A flavour of this likely negative BBC reaction can perhaps be gathered from the old presenter of BBC One's NewsWatch Raymond Snoddy, who is not at all happy about Sir David's call for 'scientific monitoring' of BBC impartiality. In this passage, you can hear clear echoes of BBC disdain, past and present, for such an idea:
Scientific research would be a fine thing indeed - if such a thing existed.
One of the gaps in Sir David's knowledge may be the history of such attempts, usually by right-wingers trying to use stop-watches to prove the BBC was hopelessly left-wing.
Then there is the science of textual analysis, never mind the philosophy of trying to work out whether impartiality is a useful concept or even whether such a thing can ever possibly exist.
We can only look forward to Sir David's first scientific report on impartiality - something that almost always depends on subjective judgement - with warm-hearted anticipation.
The sarcasm of that last sentence is typical of the piece as a whole.
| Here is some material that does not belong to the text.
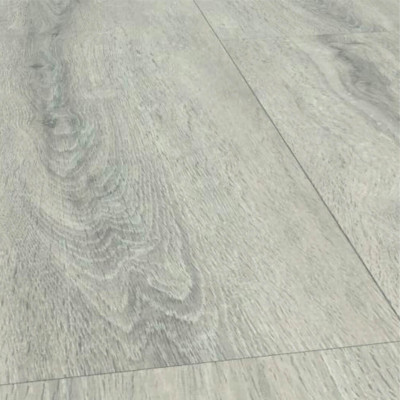 Виниловая плитка Falquon Wood P1001 Dillon Oak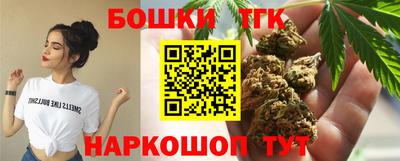 винт Дубна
In the same spirit then: Yes, perish the thought that using stopwatches or counting things and discovering that there's an extreme lack of BBC impartiality should ever be encouraged again! 


Incidentally, as for where Ray Snoddy is coming from, well, here's what comes next:
The new chairman also wants a report into the Corporation's post-referendum coverage as he puts "impartiality, independence and accuracy" at the top of his agenda. Yes indeed, but at the same time, and more centrally, he might also call for a report - scientific or otherwise - into the BBC's pre-referendum coverage, which many think adhered too dogmatically to an inadequate definition of impartiality. It was the sort of impartiality which in news bulletins balanced up the considered views of dozens of Nobel prize winners with the dismissive piffle emerging from Boris Johnson.
Yes, it's the old John Simpson line that the BBC could have changed the result of the referendum (i.e. brought about a Remain win) if it had been more active in giving "clear guidance" to its viewers and listeners, and that the BBC should have given them such "clear guidance".

Sir David Clementi may have his work cut out. 

My worry about this proposed 'scientific research' into BBC impartiality, however, is that it will be farmed out, yet again, to the team at Cardiff University - a media department so full of far-left academics, former BBC bosses and others intimately connected with the BBC that its previous reports have seemed far removed from both rigour and reality (such as claiming that the BBC is anti-EU). 

If they get chosen to carry out the research for this BBC report then Sir David might as well call the whole thing off, as it will say - as sure as night follows day - that the BBC did OK but that Ray Snoddy and John Simpson are right and that the corporation's only major fault was that it should have been a lot more biased against the Brexiteers and their 'piffle'.